After that, the deluge…

  • “OK, so let’s move the logo ten pixels to the right”
  • “Make the video flush with the blah-de-blah”
  • “And let’s fiddle with the color palette”

Look, I get it.

You want your website to reflect your brand. And you don’t want your website to have tacky graphics and Comic Sans headlines. So your inner OCD comes out and you start rearranging pixels…

Unfortunately, that age of “pixel perfect” design has been over for almost ten years.

Previously, before the iPhone came out in 2007, you could make your website “pixel perfect.” I know, because I designed a lot of websites back then. 99% of “web design” was actually making sure that your design looked the same in different browsers.

But as iPhones and Androids became over half of web traffic, making a website “pixel perfect” no longer makes sense.

That’s because websites have historically been designed to look good when given 1,000 pixels of width.

Meanwhile, an iPhone only gives a browser 320 pixels to show a website.

If you insist on making your website look perfect at 1,000 pixels, it will look like crap at 320 pixels. The reverse is also true.

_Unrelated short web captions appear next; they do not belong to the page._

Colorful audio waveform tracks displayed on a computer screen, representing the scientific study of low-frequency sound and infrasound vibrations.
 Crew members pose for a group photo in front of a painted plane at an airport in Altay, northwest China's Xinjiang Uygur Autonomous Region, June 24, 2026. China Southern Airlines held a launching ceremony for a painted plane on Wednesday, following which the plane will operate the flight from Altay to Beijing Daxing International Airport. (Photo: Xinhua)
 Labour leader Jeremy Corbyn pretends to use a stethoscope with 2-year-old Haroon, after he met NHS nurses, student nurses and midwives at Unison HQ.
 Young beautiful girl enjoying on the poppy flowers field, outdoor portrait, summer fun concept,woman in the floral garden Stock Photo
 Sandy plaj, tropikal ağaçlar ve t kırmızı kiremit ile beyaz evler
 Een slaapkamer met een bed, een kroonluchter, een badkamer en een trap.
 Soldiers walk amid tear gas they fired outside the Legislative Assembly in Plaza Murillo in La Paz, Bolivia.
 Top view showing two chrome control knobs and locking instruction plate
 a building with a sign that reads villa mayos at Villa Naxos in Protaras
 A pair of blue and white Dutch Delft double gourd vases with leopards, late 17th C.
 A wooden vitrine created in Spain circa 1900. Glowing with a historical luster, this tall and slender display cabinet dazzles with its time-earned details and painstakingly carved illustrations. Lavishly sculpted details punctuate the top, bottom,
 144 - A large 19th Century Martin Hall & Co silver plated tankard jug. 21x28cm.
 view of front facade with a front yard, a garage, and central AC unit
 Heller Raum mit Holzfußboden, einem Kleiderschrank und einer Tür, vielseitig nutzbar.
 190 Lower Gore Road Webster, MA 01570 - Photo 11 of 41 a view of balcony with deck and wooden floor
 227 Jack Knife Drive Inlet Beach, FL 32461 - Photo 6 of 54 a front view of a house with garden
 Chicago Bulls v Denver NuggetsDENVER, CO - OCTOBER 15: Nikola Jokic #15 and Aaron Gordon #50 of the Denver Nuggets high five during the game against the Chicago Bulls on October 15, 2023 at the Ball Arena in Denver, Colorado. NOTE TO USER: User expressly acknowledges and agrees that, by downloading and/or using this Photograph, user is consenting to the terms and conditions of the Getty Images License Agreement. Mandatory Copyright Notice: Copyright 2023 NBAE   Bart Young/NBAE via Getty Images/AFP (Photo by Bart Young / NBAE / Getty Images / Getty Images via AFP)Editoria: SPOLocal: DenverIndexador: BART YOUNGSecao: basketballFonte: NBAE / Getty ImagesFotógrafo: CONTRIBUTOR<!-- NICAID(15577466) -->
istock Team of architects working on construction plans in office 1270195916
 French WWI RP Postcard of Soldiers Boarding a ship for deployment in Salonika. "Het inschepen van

Instead of gunning for a “pixel perfect” look at EITHER 320 OR 1,000 pixels, you need to make look good BOTH on an iPhone that’s 320 pixels wide AND a desktop that’s 1,000 pixels wide”

Happily, if you embrace this new “responsive” approach, you’ll make A LOT MORE money.

That’s because more than half of searchers click on a Google ad and land on your website while on their mobile device. If your website looks great on an iPhone, you’ll be making things easy for more than half your visitors. This will get you a lot more leads!

By contrast, if your website looks like crap on an iPhone, your visitors will have to zoom and finger-drag their way through your page. Naturally, if you make it hard for over half your visitors to read your page, you’ll get many fewer leads.

There are two workarounds to this problem.

First, if your website is NOT “mobile responsive”, you can target your ads ONLY to reach desktops (and NOT using smartphones). Unfortunately, this will leave you with an ever-decreasing amount of traffic. You’ll also be leaving a lot of free money on the table for your competitors to pick up.

Second, you can make your website “mobile responsive”, and make a lot more money.

If you want to see if your current website is “mobile responsive”, click over here and paste in your URL:

https://www.google.com/webmasters/tools/mobile-friendly/

If you’re currently advertising on Google AdWords and you’re not using a “mobile responsive” page, you need to fix that right away.